I thought King was one of the keys to last year's grand final. His partner that day for Geelong, Brad Ottens, did well around the ground but in the centre, where the heavy collision work was done, it was King who crushed Port Adelaide.
As for Gardiner, he looks keen to me. If I read him right in his post-match interview, he's really keen. Like a man with a great amount to prove which he has who also knows he has a final opportunity to prove it.
I haven't seen a lot of Gardiner's football, but it was the best game I'd seen him play. He was like a basketballer elastic, mobile, popping up in lots of places.
And Fraser Gehrig is back. Those of us who value the game for its character and personalities owe something to Fraser. He was the last AFL player to wear a mullet.

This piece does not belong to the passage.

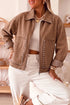 Studded Metal Zipper Rivet Pocket Long Sleeve Denim Jacket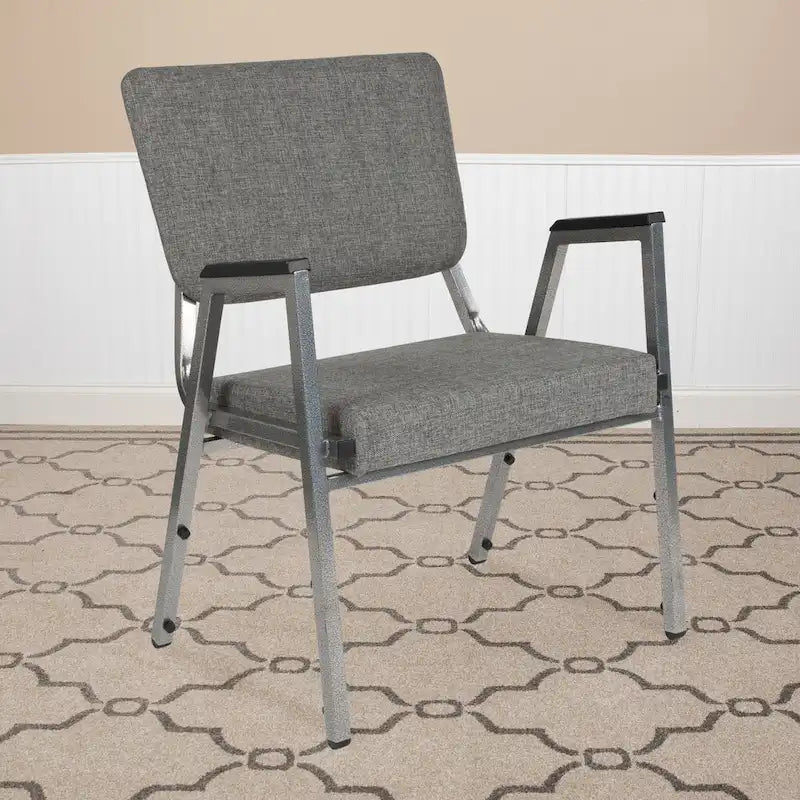 Fauteuil de réception bariatrique en vinyle noir/tissu, un place, 5 couleurs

Now he has a beard. To those of us with beards, that means something. After all, not all men are prepared to walk around with hair on their faces. Some young men nowadays walk around with no hair on their entire body! Fraser's out there. One of us hairy others.
The criticism of the Saints is that they're slow in the midfield. They don't break the lines. They have no one or nothing like Judd at his best.
Instead, they use Leigh Montagna as a sort of transporting agent. He appears, takes delivery and carries 10 or 20 metres. Xavier Clarke threatens but is still not what you would classify as dangerous.
Nonetheless, the Saints are good in the midfield because they've got so many skilful, accomplished players Nick Dal Santo, Robert Harvey, Lenny Hayes.
I also like Sam Fisher in defence. Watch the number of times he's matched against bigger opponents. Show me a moment in a football match when he is not all measured class in his responses.
Last night, the Saints played the Dogs, themselves no fools but, already, I am looking forward to next week when St Kilda plays Geelong.
Imagine if Ottens doesn't play he's out with a foot injury tomorrow. Mark Blake, the young ruckman dropped from Geelong's grand final side to make way for King, will come up against a less than happy King, who was cut from Geelong's list the week after the grand final in favour of Blake, and a rejuvenated Gardiner.
A big test for Blake? Not sure they make them any bigger.
The Saints have their best chance in years. Nick Riewoldt looks to me as if he has a premiership in his sights and, as such, is a good man to be leading the side. Alongside him, Justin Koschitzke is becoming a major presence.
But Geelong is swifter and more fluent. And, in Gary Ablett jnr, it has the only player I've seen who can split the densely crowded modern game apart to the same dazzling extent as Judd at his best.